Department of Physical Medicine and Rehabilitation

2120 Professional Drive, Suite 135 & 225, Roseville, CA 95661 2025 Morse Avenue, Station 2C, Sacramento, CA 95825

916-771-6611 916-973-7481

Welcome Welcome to the Department of Physical Medicine and Rehabilitation. You have been referred to our department so that we can help create a treatment plan for your spine condition. We will work closely with your referring doctor to provide advice for the management of your condition.

Our entire staff is dedicated to providing the highest quality specialty care. Our specialists are experts in nonsurgical spine care, electrodiagnostic studies, and interventional spine procedures.

Before your visit Before your visit, please complete the New Patient Questionnaire. This questionnaire provides valuable information to help in your care. It is important that you complete the questions ahead of time, so that you have more time to work with our staff during your appointment.

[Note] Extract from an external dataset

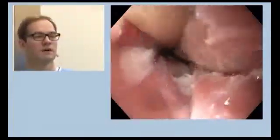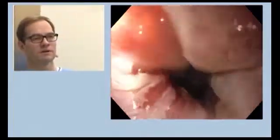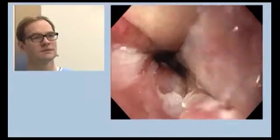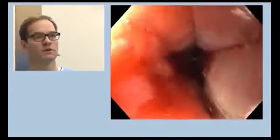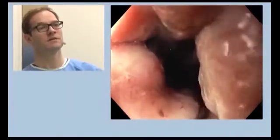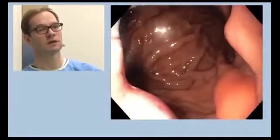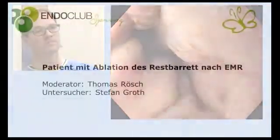Now we are through the second round of the double-double technique. You can see this typical brownish epithelium — the burnt epithelium — and what it looks like. And we've caught the transition with the Z-line quite well.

You should also write down the questions or concerns you would like to talk to our staff about during your visit.

Finally, if you have been treated at a non-Kaiser Permanente facility for your spine condition, please get a copy of your medical record from the other provider. If you have had pictures taken outside of Kaiser Permanente, such as X-ray or MRI, please request both the report and hard copy of the pictures.

For your first visit When you come to your appointment, please remember to bring: Your completed New Patient Questionnaire Your current list of medications Your list of questions for the physician Your outside records, films, or CDs

What you should expect at your visit Our physicians will complete a detailed history and physician examination related to your spine condition. We will review your medical records, the information you provided, and current pictures such as X-rays and MRIs.

Often, a diagnosis is identified from your history and physical exam. However, if addition testing is needed to determine your diagnosis, this will be discussed with you.

Once a diagnosis is made, our physician will make treatment recommendations to you and your primary care physician. Based on what is best for you, our physicians may refer you to a physical therapist for exercise therapy, perform therapeutic spinal procedures, or refer you to a spine surgeon if needed. They may also recommend specific medications to help in your treatment. These may include medications to help with discomfort, trouble sleeping, nerve sensitivity, and inflammation.

Medications Your primary care physician will continue to prescribe any medications you have been taking.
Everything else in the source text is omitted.